Il peridio è di colore bruno rossastro, verrucoso ma con verruche fortemente depresse da far apparire il tartufo quasi lisci. La gleba tende al purpureo con venature larghe numerose e chiare brunescenti all'aria. Emana un gradevole profumo agliaceo che ricorda il tartufo bianco pregiato. E' un tartufo poco diffuso in tutta l'Italia e non ha un mercato proprio. Si può confondere con i tartufi neri a maturazione autunnale da cui si distingue per il peridio pressoché liscio.

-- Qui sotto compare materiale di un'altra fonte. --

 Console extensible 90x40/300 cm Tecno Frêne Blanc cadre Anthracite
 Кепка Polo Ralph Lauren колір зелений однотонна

Si raccoglie nelle stesse zone in cui vive Tuber magnatum, ha esigenze pedoclimatiche simili e contrae li simbiosi con le stesse piante.

Spore

Sono alveolate, di forma ellissoidale, di colore bruno-rossastro e di grandi dimensioni 30-55 x 40-80 µm.

Distribuzione

E’ presente in tutta la penisola italiana ma poco frequente. Cresce nelle stesse aree dove si raccoglie il tartufo bianco pregiato.

Periodo di raccolta

Matura da settembre a dicembre

Ambiente idoneo

Questa specie cresce negli ambienti di fondovalle su terreni profondi, freschi e di colore grigio-verdognolo tipici del  tartufo bianco, ma anche più compatti e ricchi di ferro e perciò di colore bruno-rossastro. Vive anche in suoli con limitata presenza di carbonati a condizione che sia garantito un discreto grado di umidità ed un buon ombreggiamento. Le tartufaie naturali sono situate principalmente nei terreni di fondovalle poco soleggiati a quote comprese tra 0 e 1000 m s.l.m.